A real-time video generator lets you explore an open-ended, interactive virtual world — a video game without a game engine.
What’s new: Decart, a startup that’s building a platform for AI applications, and Etched, which designs specialized AI chips, introduced Oasis, which generates a Minecraft-like game in real time. The weights are open and available here. You can play with a demo here.
How it works: The system generates one frame at a time based on a user’s keystrokes, mouse movements, and previously generated frames. The training dataset is undisclosed, but it’s almost certainly based on videos of Minecraft gameplay, given the output’s striking semblance to that game.
- Some recent video generators produce an initial frame, then the nth frame, and then the frames in between. This approach isn’t practical for real-time gameplay. Instead, Oasis learned to generate the next frame. A ViT encoder embeds previously generated frames. Given those embeddings, an embedding of a frame to which noise had been added, and a user’s input, a diffusion transformer learned to remove the noise using a variation on diffusion called diffusion forcing.
- Generated frames may contain glitches, and such errors can snowball if the model incorporates glitches from previous frames into subsequent frames. To avoid this, during training, the system added noise to embeddings of previous frames before feeding them to the transformer to generate the next frame. This way, the transformer learned to ignore glitches while producing new frames.
- At inference, the ViT encoder embeds previously generated frames, and the system adds noise to the frame embeddings. Given the user’s input, the noisy frame embeddings, and a pure-noise embedding that represents the frame to be generated, the transformer iteratively removes the noise from the previous and current frame embeddings. The ViT’s decoder takes the denoised current frame embedding and produces an image.

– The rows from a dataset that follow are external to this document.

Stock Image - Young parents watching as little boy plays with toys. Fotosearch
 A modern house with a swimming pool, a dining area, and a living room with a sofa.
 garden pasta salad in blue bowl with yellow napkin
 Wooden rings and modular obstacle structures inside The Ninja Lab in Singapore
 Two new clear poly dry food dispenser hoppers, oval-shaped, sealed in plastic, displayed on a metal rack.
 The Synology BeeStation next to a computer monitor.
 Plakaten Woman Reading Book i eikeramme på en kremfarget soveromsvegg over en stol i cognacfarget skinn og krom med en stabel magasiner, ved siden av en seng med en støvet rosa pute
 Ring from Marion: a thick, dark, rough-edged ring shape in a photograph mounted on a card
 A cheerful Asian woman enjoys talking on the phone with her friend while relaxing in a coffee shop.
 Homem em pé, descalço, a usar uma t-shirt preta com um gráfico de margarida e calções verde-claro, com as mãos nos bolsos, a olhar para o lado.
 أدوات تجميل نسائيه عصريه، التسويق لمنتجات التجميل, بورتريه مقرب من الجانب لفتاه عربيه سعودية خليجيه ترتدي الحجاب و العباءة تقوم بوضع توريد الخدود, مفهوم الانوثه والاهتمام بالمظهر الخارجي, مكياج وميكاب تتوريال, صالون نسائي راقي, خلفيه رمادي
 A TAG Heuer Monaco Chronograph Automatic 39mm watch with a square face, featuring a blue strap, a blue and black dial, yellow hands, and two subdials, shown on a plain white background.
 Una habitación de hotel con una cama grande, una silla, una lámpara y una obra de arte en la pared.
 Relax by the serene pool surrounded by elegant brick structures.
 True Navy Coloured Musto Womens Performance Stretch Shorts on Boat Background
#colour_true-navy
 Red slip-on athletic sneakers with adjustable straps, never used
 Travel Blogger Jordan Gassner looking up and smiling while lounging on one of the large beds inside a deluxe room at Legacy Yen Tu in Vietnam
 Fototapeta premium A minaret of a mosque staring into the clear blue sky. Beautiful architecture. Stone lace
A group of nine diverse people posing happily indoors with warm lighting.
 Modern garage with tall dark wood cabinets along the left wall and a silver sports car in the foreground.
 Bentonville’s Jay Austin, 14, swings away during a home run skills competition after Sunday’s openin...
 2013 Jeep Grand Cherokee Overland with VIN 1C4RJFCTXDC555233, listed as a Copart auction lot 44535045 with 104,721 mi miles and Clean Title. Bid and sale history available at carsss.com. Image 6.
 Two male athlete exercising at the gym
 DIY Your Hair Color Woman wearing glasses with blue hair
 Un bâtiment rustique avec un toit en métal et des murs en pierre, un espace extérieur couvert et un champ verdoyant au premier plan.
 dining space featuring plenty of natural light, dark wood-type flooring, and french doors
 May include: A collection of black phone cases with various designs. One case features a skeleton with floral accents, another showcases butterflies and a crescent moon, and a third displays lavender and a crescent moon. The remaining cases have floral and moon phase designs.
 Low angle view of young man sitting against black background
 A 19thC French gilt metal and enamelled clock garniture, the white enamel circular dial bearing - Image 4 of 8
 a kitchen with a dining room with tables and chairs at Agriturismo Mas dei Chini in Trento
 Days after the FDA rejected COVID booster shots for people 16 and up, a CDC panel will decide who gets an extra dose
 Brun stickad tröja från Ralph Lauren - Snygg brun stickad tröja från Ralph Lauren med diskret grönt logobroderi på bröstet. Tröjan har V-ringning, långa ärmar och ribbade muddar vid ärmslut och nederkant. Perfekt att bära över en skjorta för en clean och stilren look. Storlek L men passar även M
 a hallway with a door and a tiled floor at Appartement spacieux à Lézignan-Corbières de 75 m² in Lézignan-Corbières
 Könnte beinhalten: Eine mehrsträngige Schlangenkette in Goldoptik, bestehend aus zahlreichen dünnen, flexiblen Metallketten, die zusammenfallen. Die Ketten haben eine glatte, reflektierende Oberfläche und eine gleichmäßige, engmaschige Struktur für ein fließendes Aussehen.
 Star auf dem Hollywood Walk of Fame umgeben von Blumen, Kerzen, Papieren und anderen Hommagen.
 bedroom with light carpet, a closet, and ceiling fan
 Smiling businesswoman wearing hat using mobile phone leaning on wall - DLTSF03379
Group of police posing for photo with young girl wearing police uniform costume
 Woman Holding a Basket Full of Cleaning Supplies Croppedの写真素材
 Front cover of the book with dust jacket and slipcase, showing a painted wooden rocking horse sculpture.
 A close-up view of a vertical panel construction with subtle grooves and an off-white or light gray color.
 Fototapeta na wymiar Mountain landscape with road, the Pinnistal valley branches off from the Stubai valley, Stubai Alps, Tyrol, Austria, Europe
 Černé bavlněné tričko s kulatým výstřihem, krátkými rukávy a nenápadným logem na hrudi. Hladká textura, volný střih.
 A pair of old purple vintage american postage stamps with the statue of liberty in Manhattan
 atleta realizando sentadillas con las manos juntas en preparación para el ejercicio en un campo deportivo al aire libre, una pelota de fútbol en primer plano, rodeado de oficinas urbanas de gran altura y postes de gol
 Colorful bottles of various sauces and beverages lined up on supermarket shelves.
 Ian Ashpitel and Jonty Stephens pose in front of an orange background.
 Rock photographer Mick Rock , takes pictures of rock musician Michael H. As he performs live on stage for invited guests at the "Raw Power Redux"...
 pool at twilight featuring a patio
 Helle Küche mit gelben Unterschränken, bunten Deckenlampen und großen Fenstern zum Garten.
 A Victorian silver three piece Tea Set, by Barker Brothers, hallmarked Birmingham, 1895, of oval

- The system currently runs on Nvidia H100 GPUs using Decart’s inference technology, which is tuned to run transformers on that hardware. The developers aim to change the hardware to Etched’s Sohu chips, which are specialized for transformers and process Llama 70B at a jaw-dropping 500,000 tokens per second.
Results: The Oasis web demo enables users to interact with 360-by-360-pixel frames at 20 frames per second. Users can place blocks, place fences, and move through a Minecraft-like world. The demo starts with an image of a location, but users can upload an image (turning, say, a photo of your cat into a blocky Minecraft-style level, as reported by Wired).
Yes, but: The game has its fair share of issues. For instance, objects disappear and menus items change unaccountably. The world’s physics are similarly inconsistent. For instance, players don’t fall into holes dug directly beneath them and, after jumping into water, players are likely to find themselves standing on a blue floor.
Behind the news: In February, Google announced Genie, a model that generates two-dimensional platformer games from input images. We weren’t able to find a publicly available demo or model.
Why it matters: Oasis is more a proof of concept than a product. Nonetheless, as an open-world video game entirely generated by AI — albeit based on data produced by a traditional implementation — it sets a bar for future game generators.
We’re thinking: Real-time video generation suggests a wealth of potential applications — say, a virtual workspace for interior decorating that can see and generate your home, or an interactive car repair manual that can create custom clips based on your own vehicle. Oasis is an early step in this direction.